Viscéralement attaché aux hommes et femmes du bataillon, mais aussi à une ville, Marseille, avec laquelle il a appris à composer au quotidien, le vice-amiral nous livre, avant son départ, les grands axes de son action mais aussi son analyse sur l’évolution du métier et des risques auxquels les marins-pompiers sont confrontés.
La Marseillaise : Lorsque vous avez été désigné commandant du bataillon de marins-pompiers de Marseille, quels étaient vos objectifs ?
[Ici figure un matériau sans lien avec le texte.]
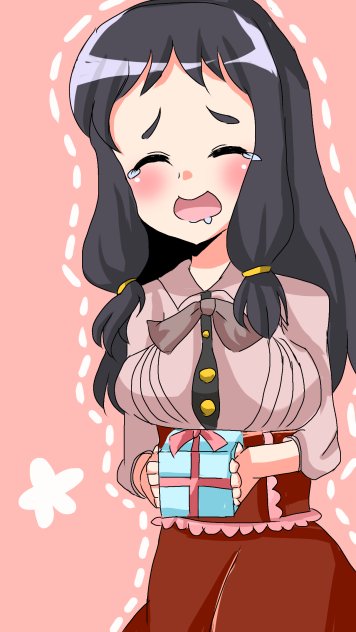 はっぴーばーすでー！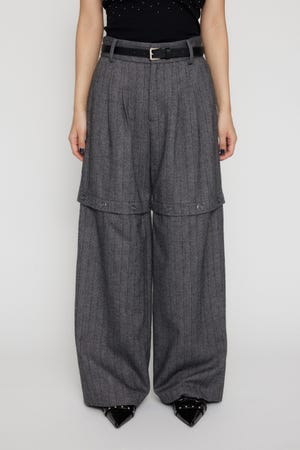 LAGUA GEM | STUDS KNIT ベアトップ (ニット ) |SHEL'TTER WEBSTORE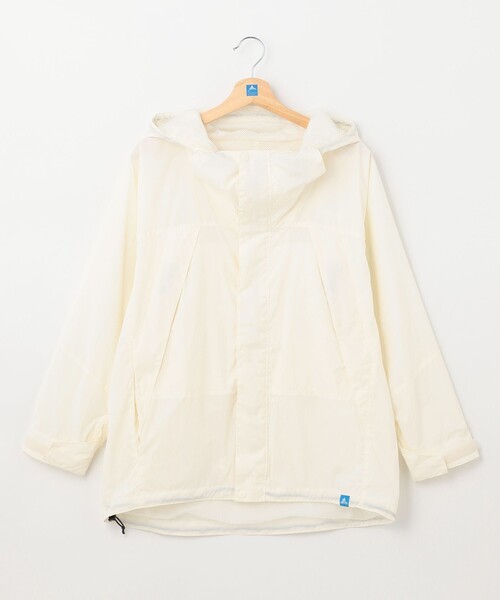 【LADIES】撥水加工マウンテンパーカー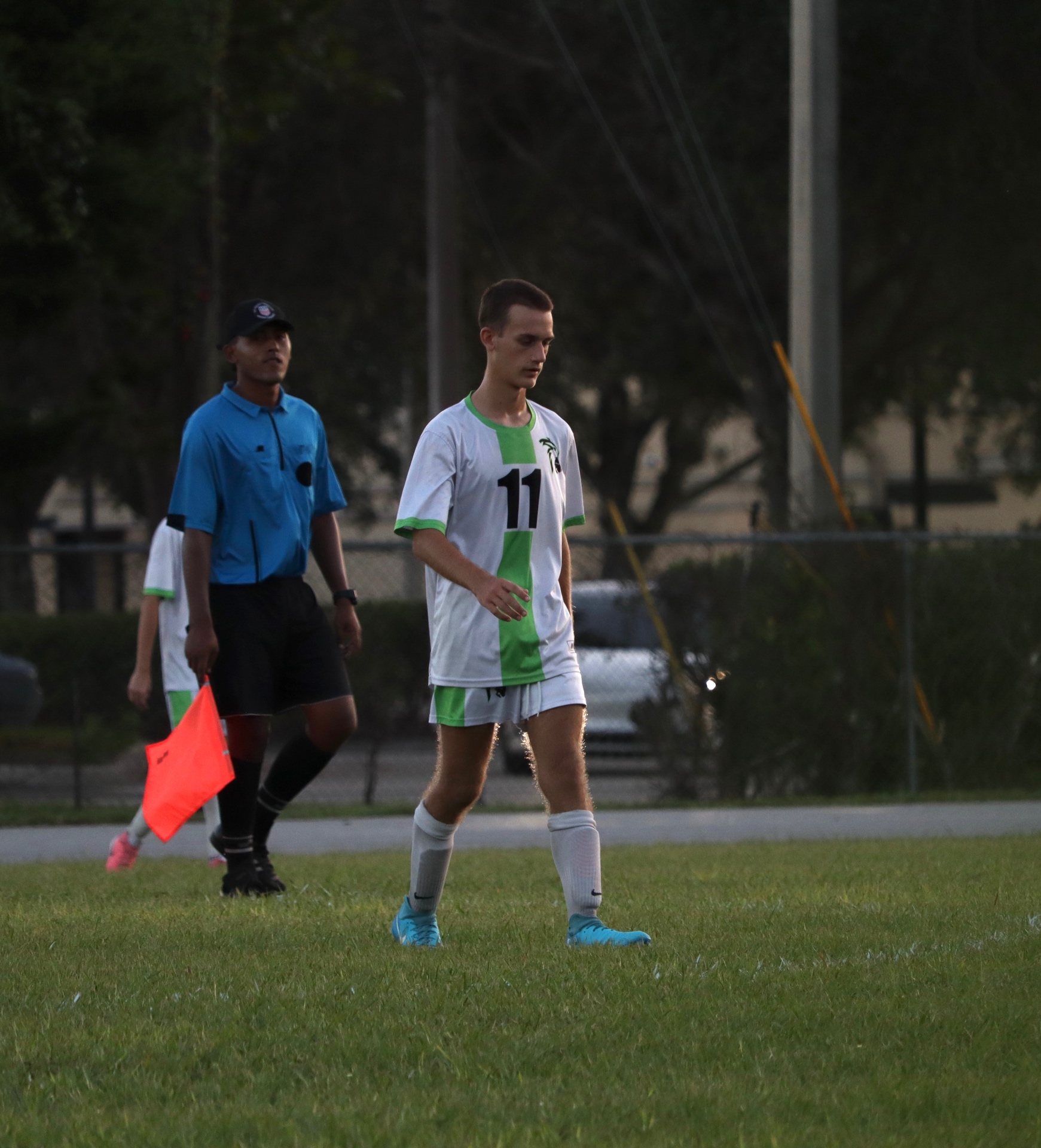 Number 11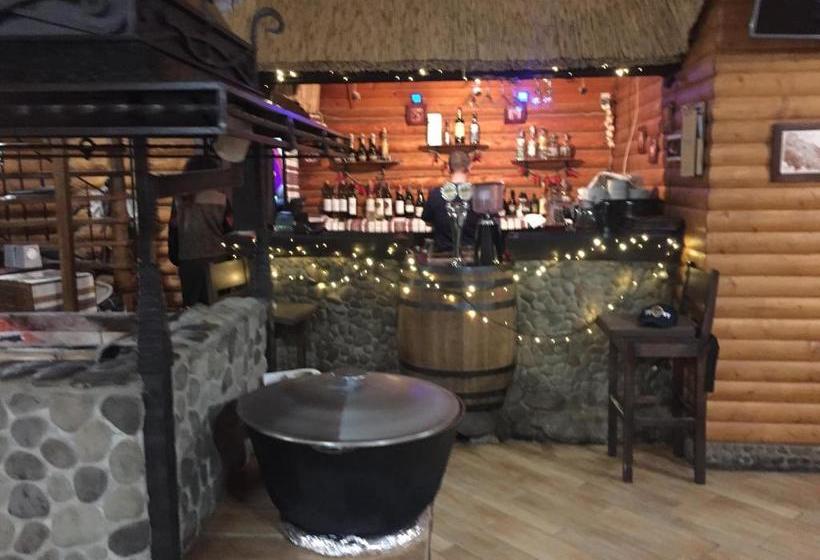 هاستل Toursit Complex Polyana Kvasova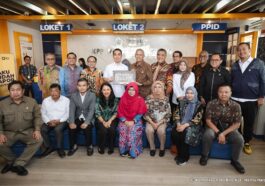 Komisi XI DPR Kantor Pajak Madya Tangerang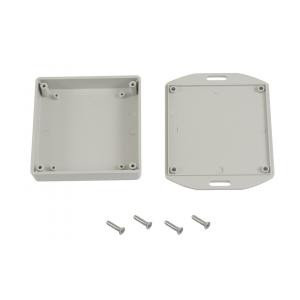 Hammond Manufacturing 1551XFLGY ABS Plastic Miniature Hand Held Enclosure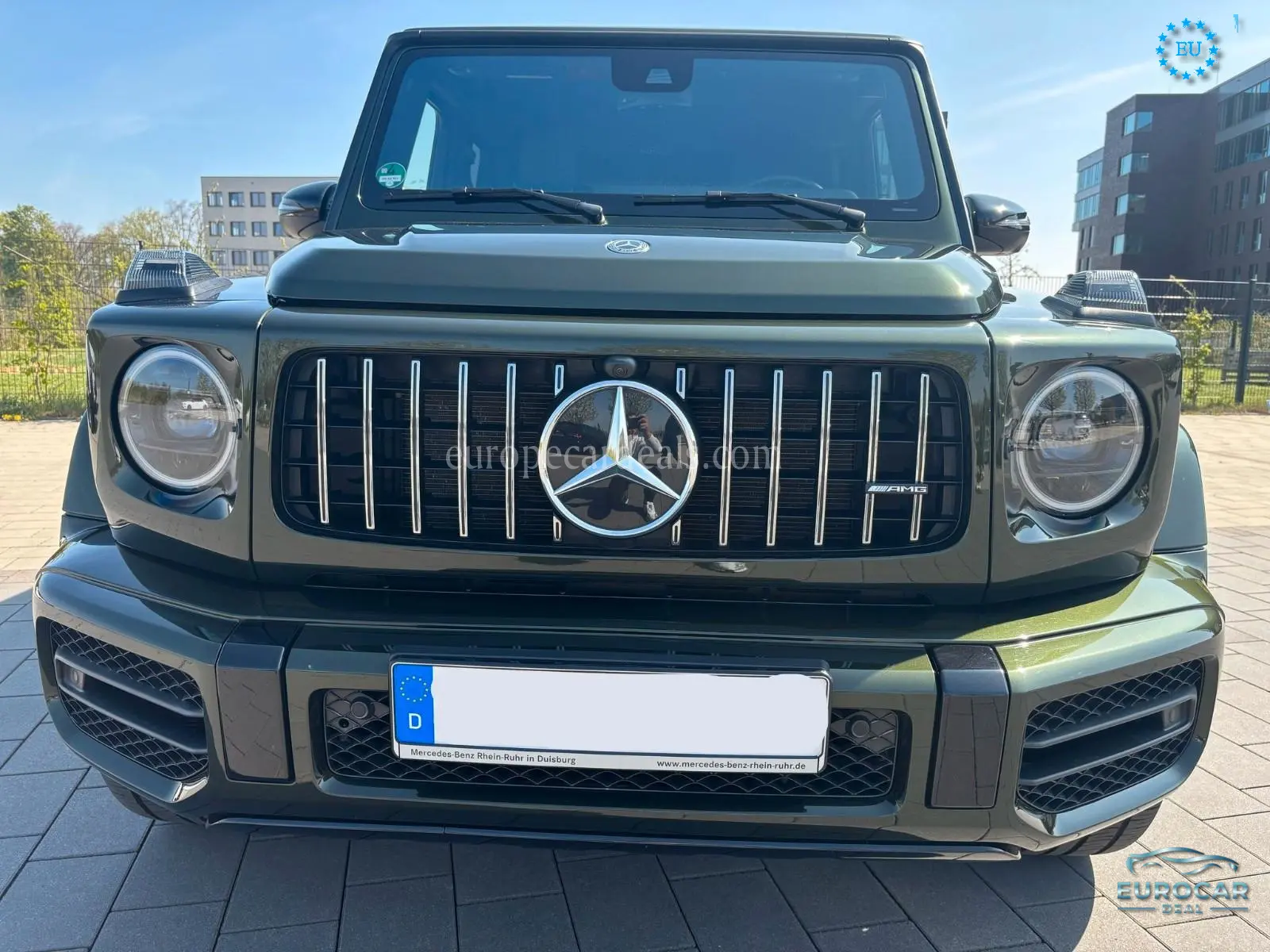 Mercedes-Benz G 63 AMG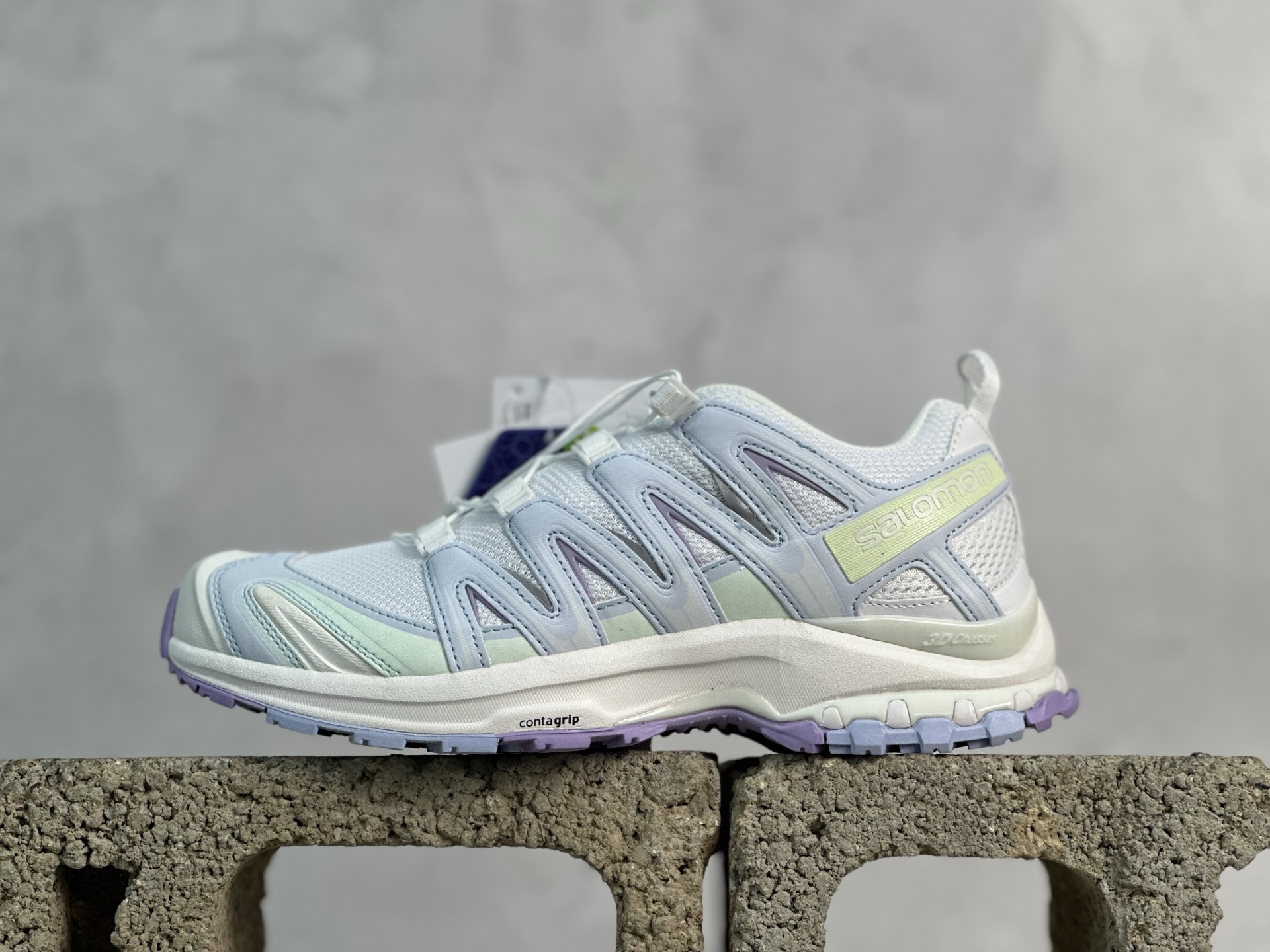 Adidas Salomon Running Shoes M-l-s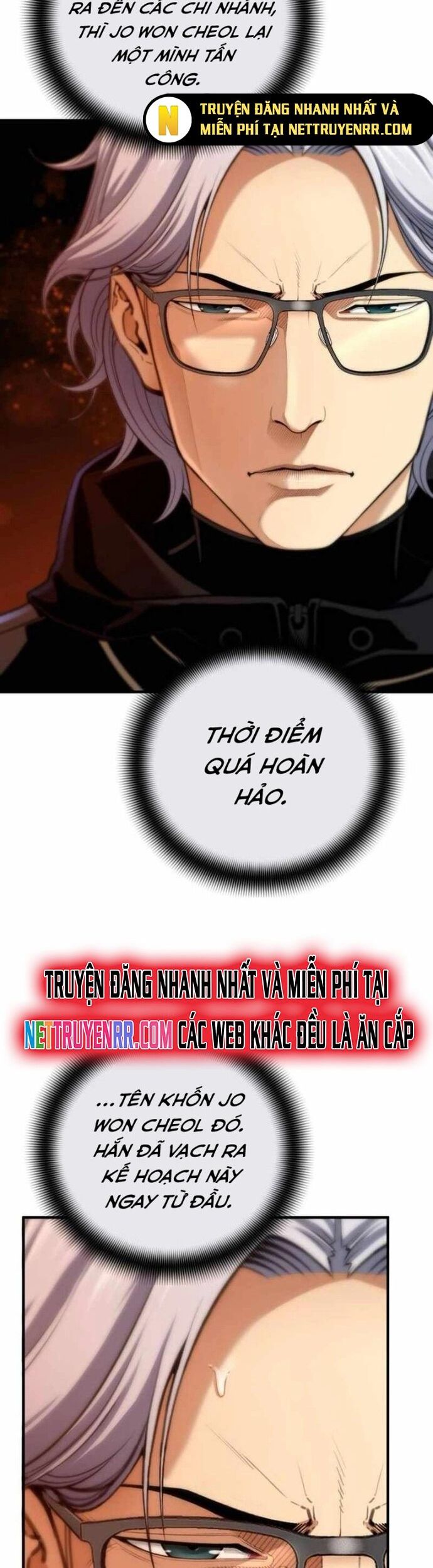 Thăng Cấp Trong Ngục Tối Độc Quyền Chương 41 Ảnh 33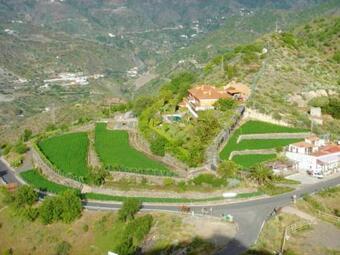 House With 3 Bedrooms In Tejeda With Wonderful Mountain View Shared Pool Enclosed Garden 30 Km From The Beach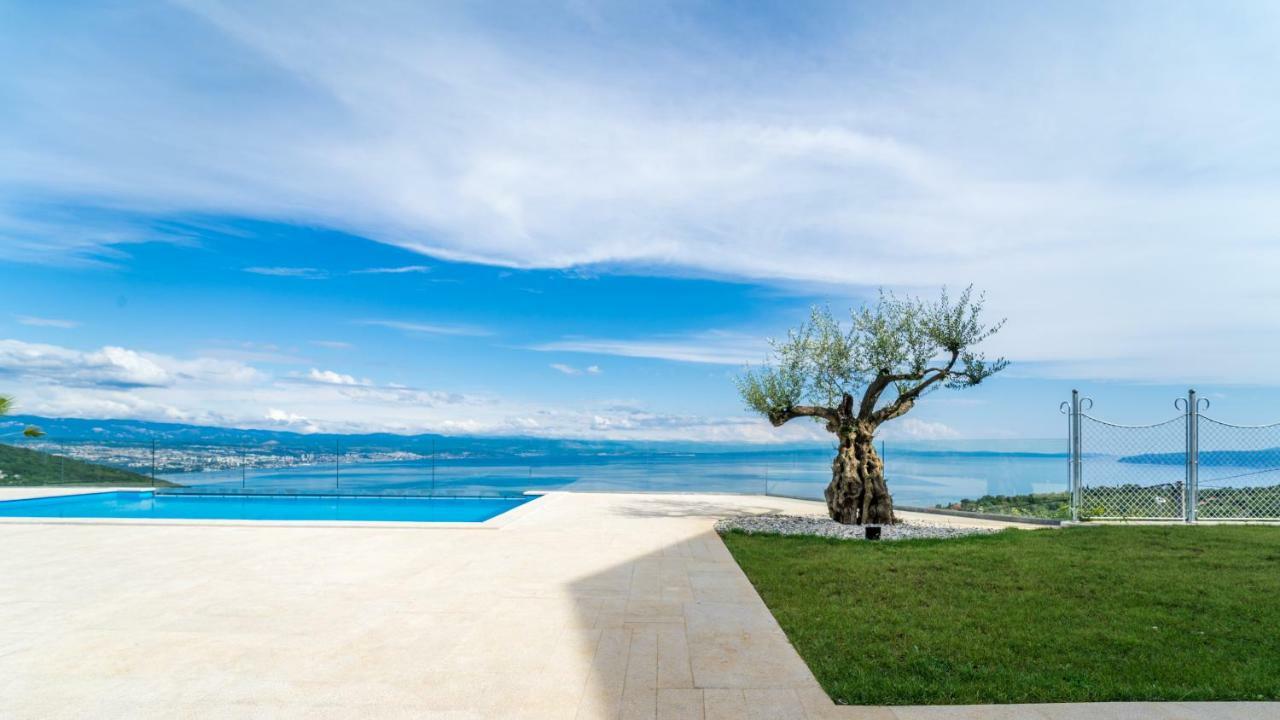 Villa Visum Poljane Екстериор снимка
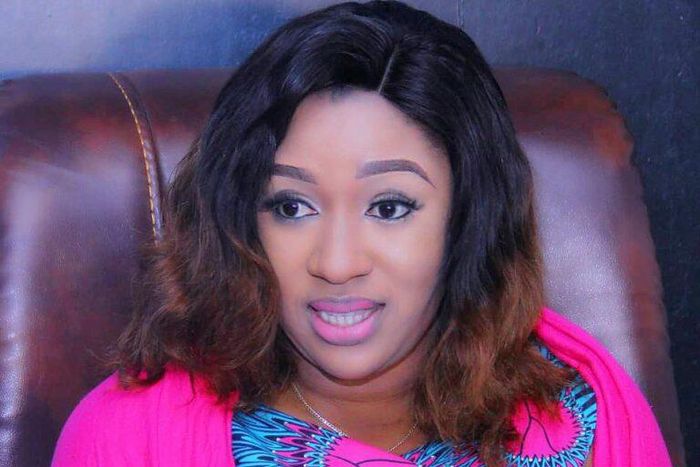 Betta Edu, Nigeria's Minister of Humanitarian Affairs and Poverty Alleviation [Daily Trust]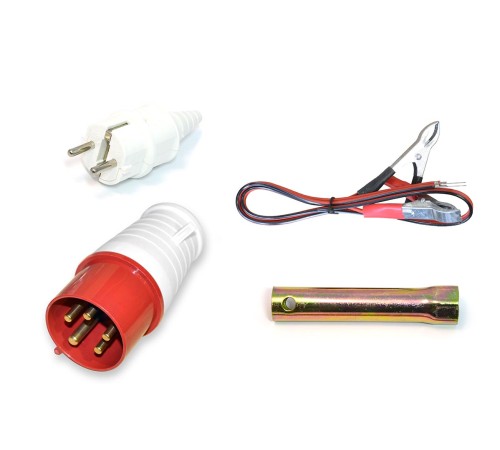 Бензиновый генератор 7,8 кВт TSS SGG 8000EH3NA с АВР Бензиновый генератор 7,8 кВт TSS SGG 8000EH3NA с АВР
Lionel Mathieu : Le premier objectif, c’était de faire un peu le point sur ce qu’était le bataillon contemporain de mon arrivée. Il venait de traverser la période de la crise sanitaire, riche mais difficile. Dans les mois qui ont suivi ma prise de fonction, j’ai dégagé trois grandes orientations. La première c’est ce que j’appelle conserver notre excellence opérationnelle. C’est-à-dire remplir la mission vis-à-vis des Marseillaises et des Marseillais de la manière la plus optimale possible. Et pour ce faire, il faut d’abord continuer à s’entraîner, c’est un élément extrêmement important. Un entraînement conséquent et diversifié pour justement être polyvalent. Il faut aussi que le marin-pompier en opération soit soutenu par des médecins, par de la logistique, que son matériel soit toujours en bon état. Être bon en opération, c’est aussi conserver notre expertise maritime et portuaire. Le deuxième grand axe, c’était ancrer l’humain au cœur du bataillon car sa richesse, ce sont bien ses marins-pompiers et ses personnels. On a travaillé sur une modernisation de ce qu’on appelle la gestion de carrière, sur le maintien de conditions de travail acceptables avec des équipements de pointe, de la sécurité en intervention et des casernes aménagées. Il y a aussi les conditions de vie à l’extérieur du bataillon, le socle sur lequel se bâtit là aussi leur efficacité opérationnelle. Principalement une vie décente pour eux-mêmes et pour leur famille, c’est-à-dire trouver des logements, les aider à garder leurs enfants, trouver des emplois aux conjoints, s’occuper des blessés quand nous en avons, des décès aussi malheureusement. Le troisième axe, c’est de regarder demain…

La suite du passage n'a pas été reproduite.